Part of that means challenging that culture of comfortable complacency and the idea that it only ever gets better. What we are seeing now, in America and, sadly, in the UK, are deliberate attempts to take us backwards—attempts to rewrite LGBT rights and to roll them back. Many of those who are comfortably complacent and are not active in this fight have not experienced that rollback, but we do not need to look far to find people who are experiencing it right now. They are members of a group within our big LGBT+ family: trans and non-binary people. The level of hate crime, the level of abuse, the marginalisation, the cutting and pasting of 1980s headlines that were applied to gay people then and are now being applied to trans and non-binary people—we can see the rollback of rights that is directly in front of us, but only if we open our eyes to it.

Our history is littered with examples of the policy that to conquer, it is necessary to divide. That is what we are seeing here, and that is why all of us, whether we are trans or not, need to stand with our trans and non-binary friends in the fight that lies ahead. This means ensuring that we have a fully trans and non-binary inclusive ban on conversion practices, and it means making a stand when attacks are made on their presence, their identity, their visibility, their legitimacy to exist. That is why we need to ensure that there is no rollback of rights, here or abroad.
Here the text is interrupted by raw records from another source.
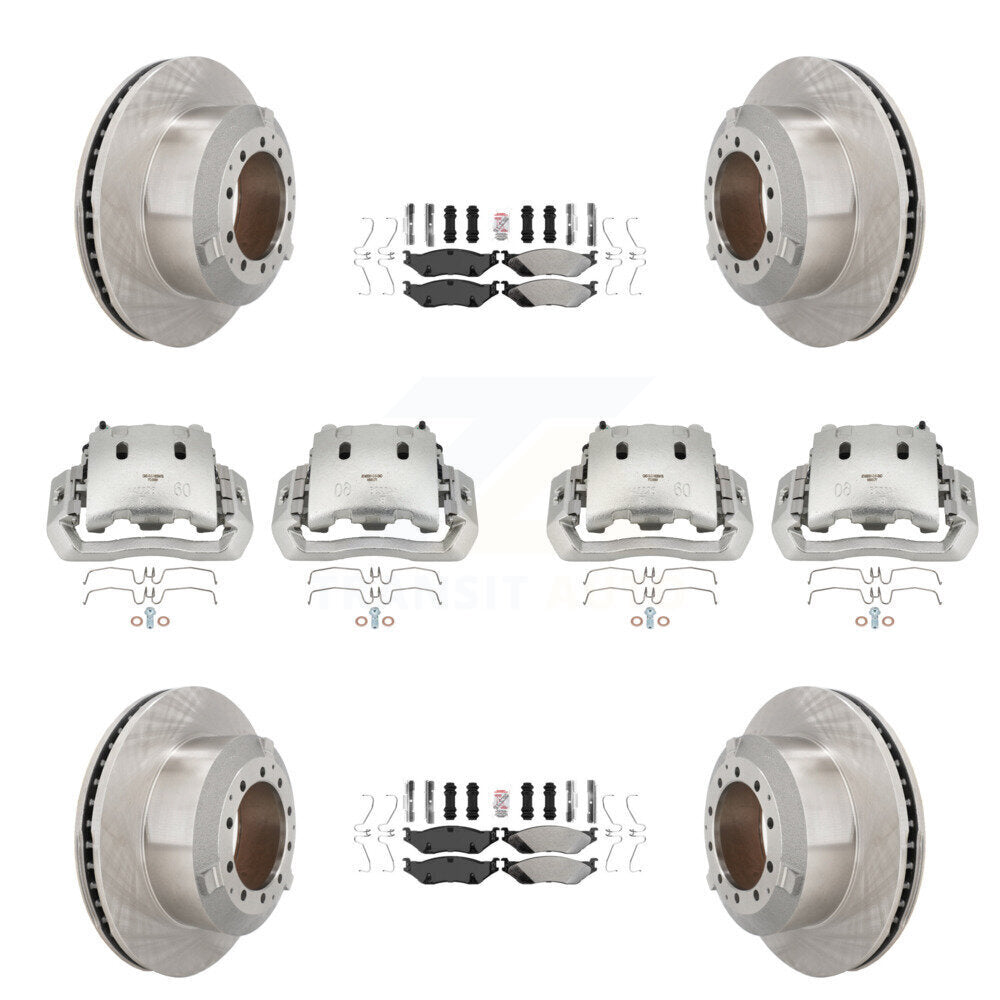 Transit Auto KC8-102948N Disc Brake Kit for 2010-2013 International TerraStar - Front and Rear product image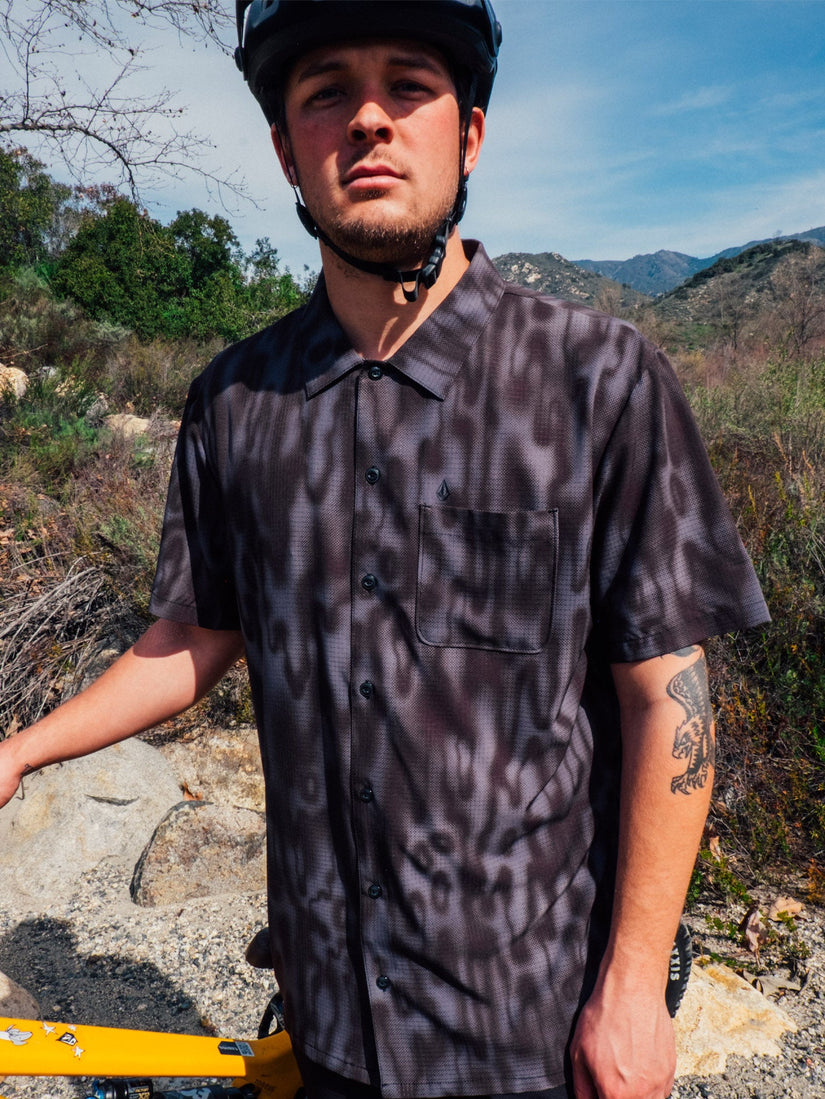 Chemise Ridgestone Stretch - Asphalt Black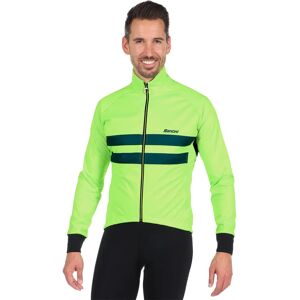 SANTINI Colore Halo Winter Jacket Thermal Jacket, for men, size M, Cycle jacket, Cycling clothing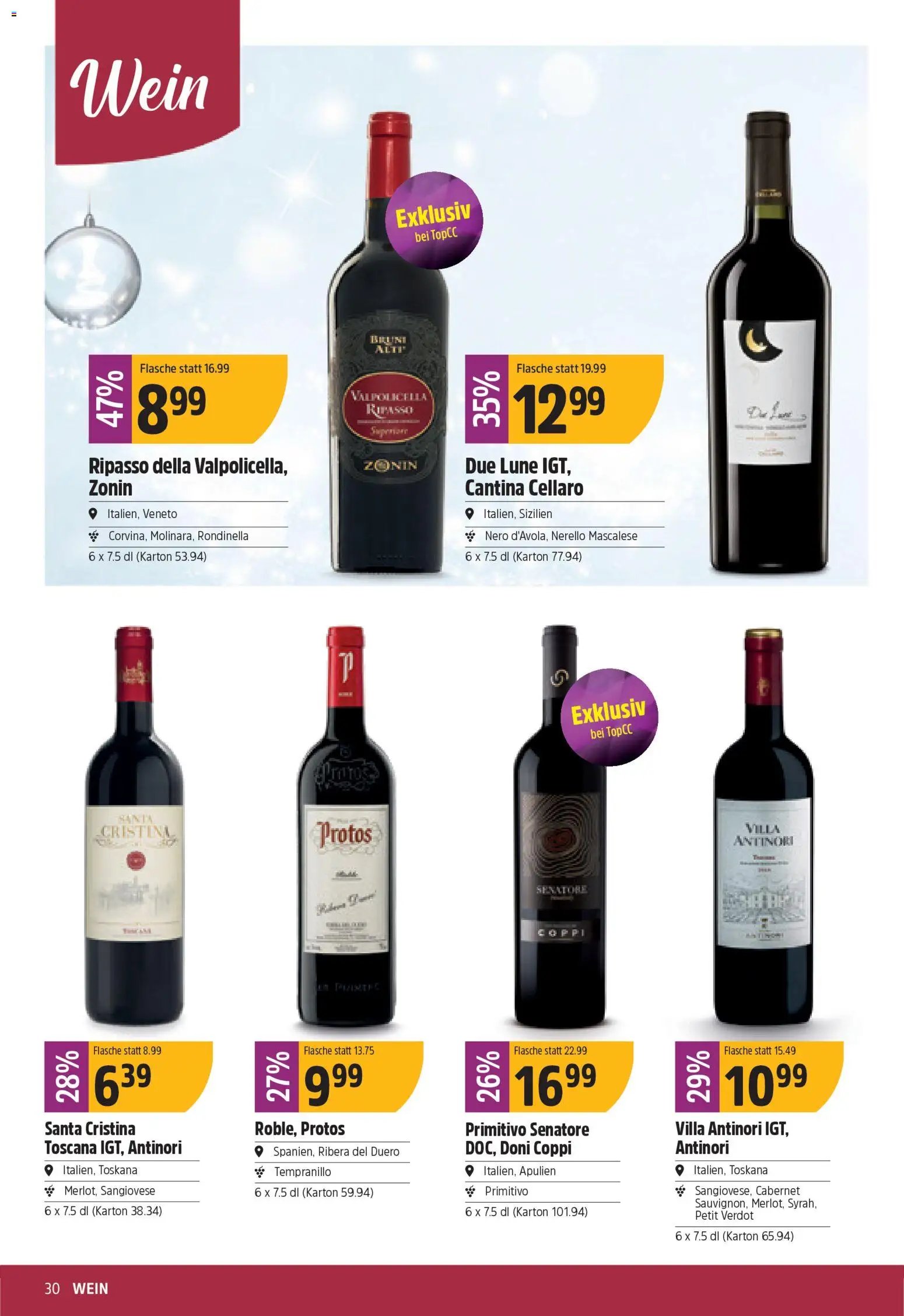 TopCC Aktionen (2025-12-15 - 2025-12-20) | 30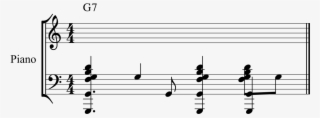 Cross-staff Notes - Piano Bass Lines #9741528
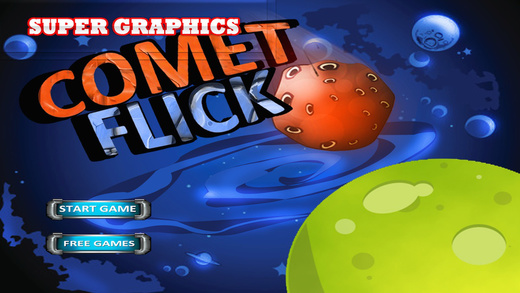 【免費遊戲App】Comet Flick-APP點子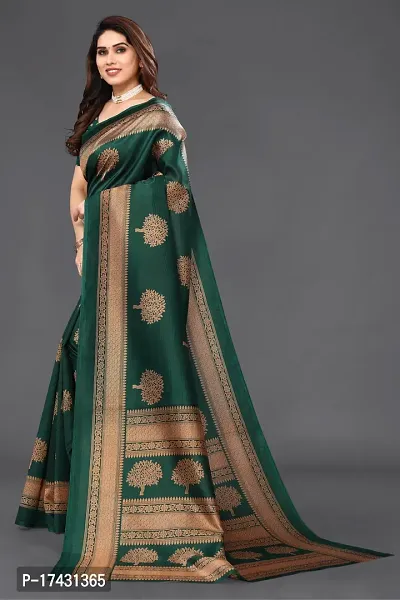 Stylish Fancy Designer Jacquard Saree With Blouse Piece For Women-thumb2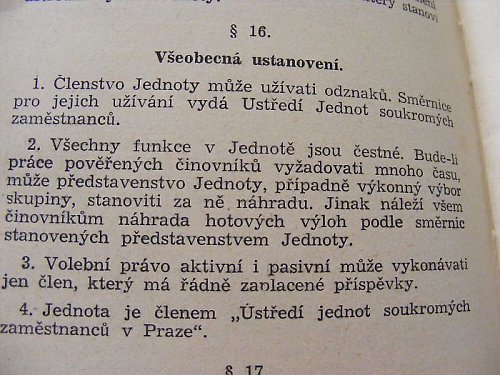 Stanovy a řády — foto 2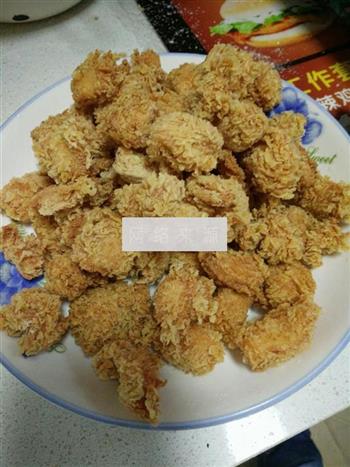 自制劲爆鸡米花怎么做，自制劲爆鸡米花怎么做好吃，自制劲爆鸡米花做法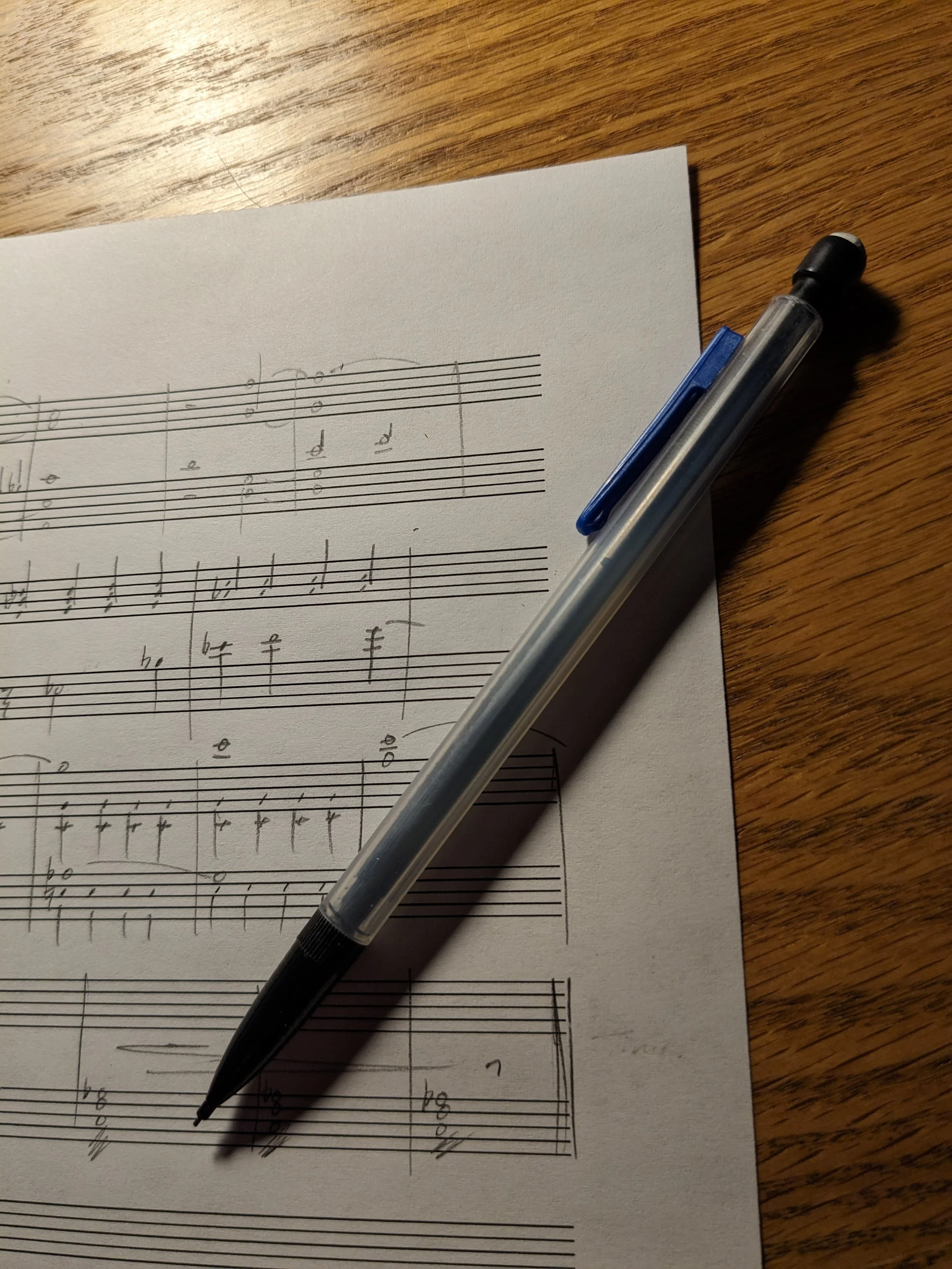 Back into composition we go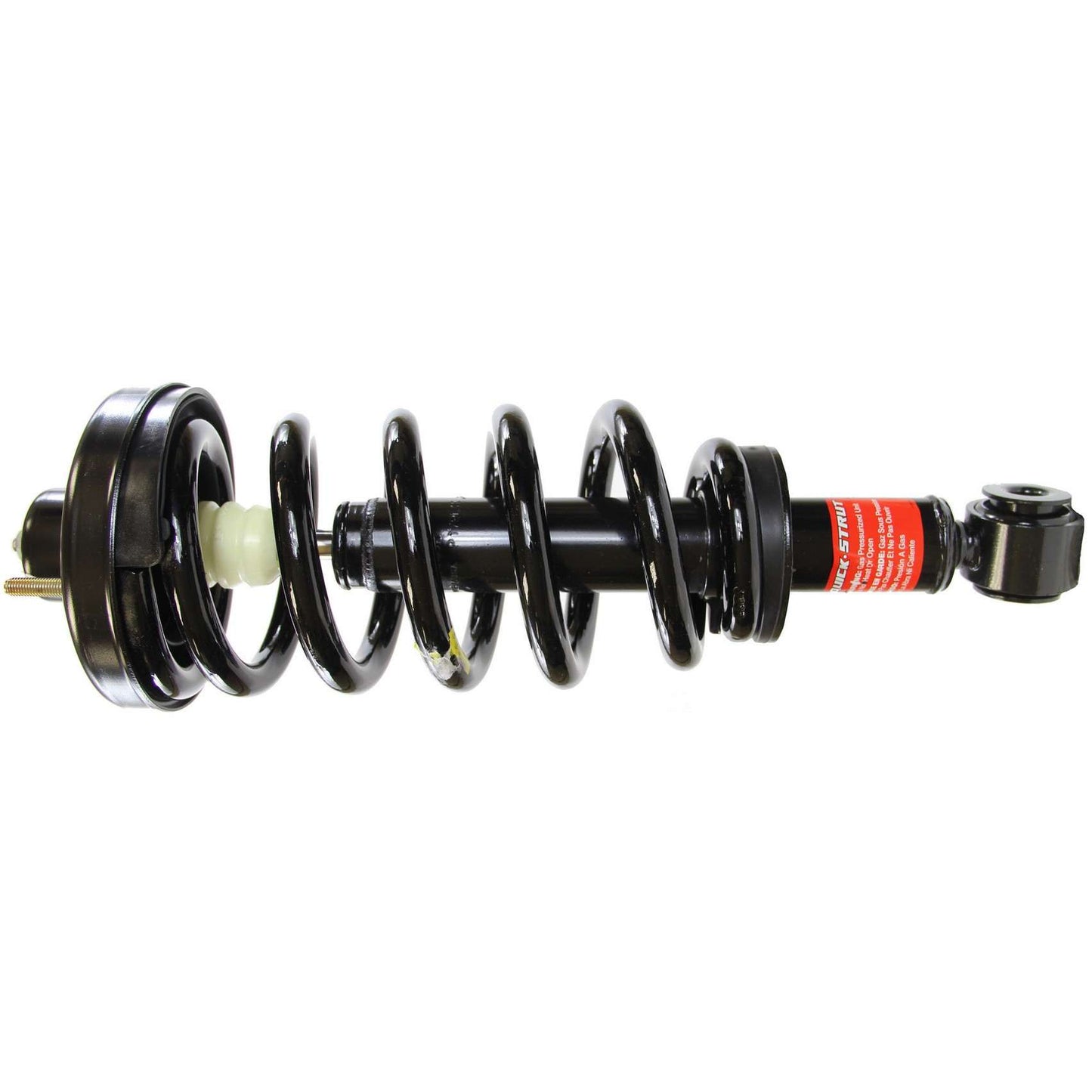 Front View of Rear Suspension Strut and Coil Spring Assembly MONROE 371139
We need to ensure that there is no growing exceptionalism, with people saying, “LGB rights are fine, but those trans folk—well, they are different.” We have all heard that in our communities, and it is something we must challenge because being LGBTQ+ is not a single identity. It is a liberation of authenticity. It is a community where everyone is different, but it is those common bonds that make that community worth while. We must stand together, and if we do not address that comfortable complacency, hate will spread and breed more division.